TO DO: Repeat only the lines below from the one containing "Villa panorámica | Terraza o patio" through the one containing "12 & 13/06/2021", inclusive, exactly as written.

DATA UNDER STUDY:

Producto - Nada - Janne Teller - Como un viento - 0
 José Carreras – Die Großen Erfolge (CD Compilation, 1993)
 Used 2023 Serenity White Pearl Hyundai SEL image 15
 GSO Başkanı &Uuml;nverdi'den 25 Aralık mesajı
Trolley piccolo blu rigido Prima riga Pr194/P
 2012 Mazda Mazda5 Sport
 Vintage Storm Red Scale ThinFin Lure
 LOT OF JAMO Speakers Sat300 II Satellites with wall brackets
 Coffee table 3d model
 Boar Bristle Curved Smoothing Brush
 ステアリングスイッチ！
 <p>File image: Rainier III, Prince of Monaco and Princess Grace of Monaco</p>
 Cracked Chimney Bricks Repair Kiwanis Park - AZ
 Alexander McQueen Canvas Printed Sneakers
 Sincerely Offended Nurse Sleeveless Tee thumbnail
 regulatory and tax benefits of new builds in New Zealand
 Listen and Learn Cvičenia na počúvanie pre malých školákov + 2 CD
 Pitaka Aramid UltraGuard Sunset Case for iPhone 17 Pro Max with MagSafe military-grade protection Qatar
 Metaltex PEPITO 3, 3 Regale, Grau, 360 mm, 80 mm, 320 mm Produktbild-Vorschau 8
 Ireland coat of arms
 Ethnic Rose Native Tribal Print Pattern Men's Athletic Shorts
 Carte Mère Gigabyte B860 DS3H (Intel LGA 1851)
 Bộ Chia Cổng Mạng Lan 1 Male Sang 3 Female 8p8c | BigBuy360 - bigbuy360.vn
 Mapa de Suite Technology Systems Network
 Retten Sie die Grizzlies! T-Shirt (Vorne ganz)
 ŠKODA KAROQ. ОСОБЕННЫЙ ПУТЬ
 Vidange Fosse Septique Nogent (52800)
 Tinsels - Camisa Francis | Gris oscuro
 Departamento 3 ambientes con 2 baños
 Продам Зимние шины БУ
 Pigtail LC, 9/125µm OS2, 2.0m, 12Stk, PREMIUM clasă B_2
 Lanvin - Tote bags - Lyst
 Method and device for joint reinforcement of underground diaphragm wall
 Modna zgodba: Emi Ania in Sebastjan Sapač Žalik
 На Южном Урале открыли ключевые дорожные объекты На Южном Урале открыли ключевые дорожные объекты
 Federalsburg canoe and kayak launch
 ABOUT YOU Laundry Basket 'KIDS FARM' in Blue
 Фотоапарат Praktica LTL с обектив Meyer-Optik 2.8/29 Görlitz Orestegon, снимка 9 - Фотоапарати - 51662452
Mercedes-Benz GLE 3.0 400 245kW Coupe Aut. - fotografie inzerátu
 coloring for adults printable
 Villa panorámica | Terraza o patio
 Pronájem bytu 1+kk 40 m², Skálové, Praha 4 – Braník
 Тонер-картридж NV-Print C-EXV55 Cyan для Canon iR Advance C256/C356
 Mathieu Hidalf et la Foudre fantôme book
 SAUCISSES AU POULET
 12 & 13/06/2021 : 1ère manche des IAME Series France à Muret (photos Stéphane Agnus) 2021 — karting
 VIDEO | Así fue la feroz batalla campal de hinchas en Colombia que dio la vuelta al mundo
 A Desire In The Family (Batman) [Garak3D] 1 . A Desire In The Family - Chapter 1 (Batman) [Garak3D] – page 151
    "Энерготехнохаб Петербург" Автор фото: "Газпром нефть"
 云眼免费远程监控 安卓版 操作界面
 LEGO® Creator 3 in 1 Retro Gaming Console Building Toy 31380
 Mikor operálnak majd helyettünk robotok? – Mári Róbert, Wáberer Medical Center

ANSWER FOR THE TASK:
 Villa panorámica | Terraza o patio
 Pronájem bytu 1+kk 40 m², Skálové, Praha 4 – Braník
 Тонер-картридж NV-Print C-EXV55 Cyan для Canon iR Advance C256/C356
 Mathieu Hidalf et la Foudre fantôme book
 SAUCISSES AU POULET
 12 & 13/06/2021 : 1ère manche des IAME Series France à Muret (photos Stéphane Agnus) 2021 — karting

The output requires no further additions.